Audrey Tillis, executive director for the county commissioners, projected the pay raises will cost about $966,670 over the three-year life of the contract. The sheriff’s annual budget is $21.7 million.

“Overall, we feel pretty good about the arbitrator’s decision, simply because the language that he awarded us is very beneficial in allowing us to run the agency the way we feel it needs to be,” said Sheriff Jerry Greene.

“The deputies here do a good job, work hard, and, in my opinion, have been underpaid for a long time,” the sheriff said.

“However, my job as an administrator and a manager is to make sure that we are financially sound,” he added.

The 207 deputies have a range of health care plans available to them.

Greene said his contribution for the family plan he chose rose from $97.37 to $147.85 every two weeks when the change occurred a year ago.

“This is the first time in a very long time in contract negotiations at the sheriff’s office in which the administration was able to get language changed in the collective bargaining agreement to allow the sheriff to better manage and to raise the level of professionalism here,” said Maj. William Cappabianca.

Cappabianca and Deputy John Tkach, Ohio Labor Council representative for Fraternal Order of Police Lodge 141, the union that represents the deputies, said elimination of the cap may result in out-of-pocket health care premium costs that would annihilate the pay increases if health care costs continue to rise.

“There’s not much we can do about it now,” Tkach said of the conciliator’s decision. “We’ve just got to take the decision to heart and work with it, and, hopefully, health care will get straightened out,” he added.

“Hopefully, health care will top out and find some kind of plateau” in cost, he said.

Elimination of the cap will place the county in the same position as private business when it comes to seeking the best health care plan with the most-advantageous rates, Cappabianca said.

The issues of pay and health care, among others, went to binding arbitration when contract talks between the sheriff’s office and FOP reached an impasse June 1.

The pay increase represents a partial victory for the union, which asked initially for 3.5 percent annual pay increases and reduced its demand to 2.5 percent.

The sheriff had offered only 1.5 percent.

Before the first 2.5 percent pay raise took effect Friday, deputies’ pay ranged from $13.63 to $24.75 an hour.

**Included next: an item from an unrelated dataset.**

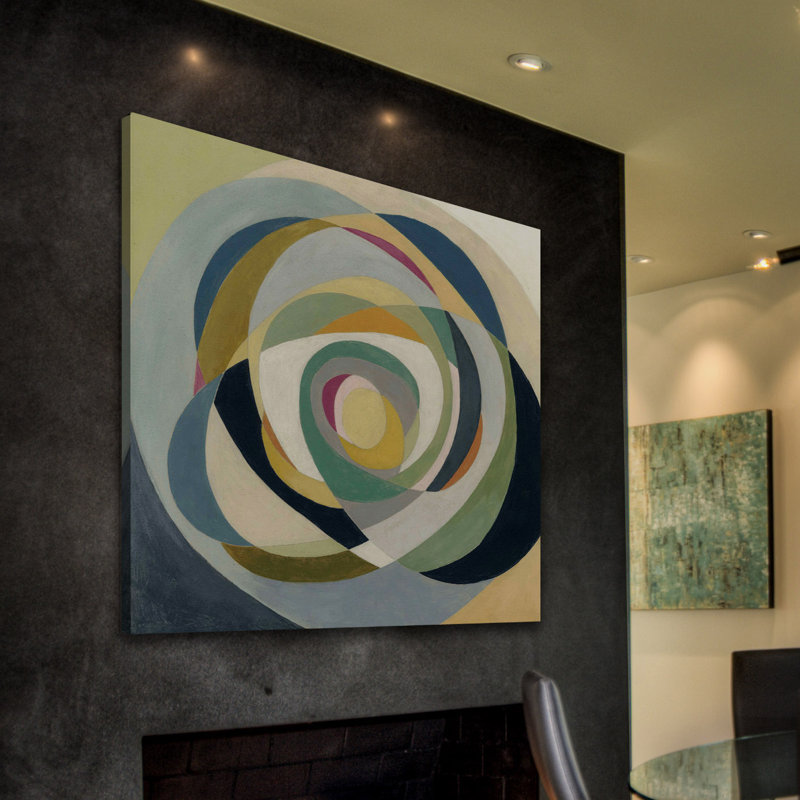 "Through the Glass", reproduction sur toile tendue, H 48 po x l 48 po x P 1,5 po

Sergeant’s pay ranged from $27 to $29.26 an hour; lieutenant’s pay from $30.88 to $33.14; and captain’s pay from $35.35 to $37.61.

Cappabianca said he needs to consult with Tillis concerning how the county will pay for the pay increases.

The conciliator’s health care decision was a victory for management, which had asked for no health care contribution cap, and a defeat for the union, which asked for a 10 percent cap.

The sheriff’s office and its deputies have “a fair contract,” said Carol Rimedio-Righetti, chairwoman of the county commissioners.

“We’re going to be fair, not only to ourselves, but to the employees” in resolving the health care issue, she added.

The conciliator increased the number of personal days off from four to five a year and raised the amount of life insurance for deputies from $10,000 to $50,000.

The conciliator ruled for management on other issues, including expediting the employee drug-testing procedure, giving management more flexibility in duty assignments, and reducing the amount of time a deputy can be on light (office) duty after a nonwork-related injury from 40 workdays to 10.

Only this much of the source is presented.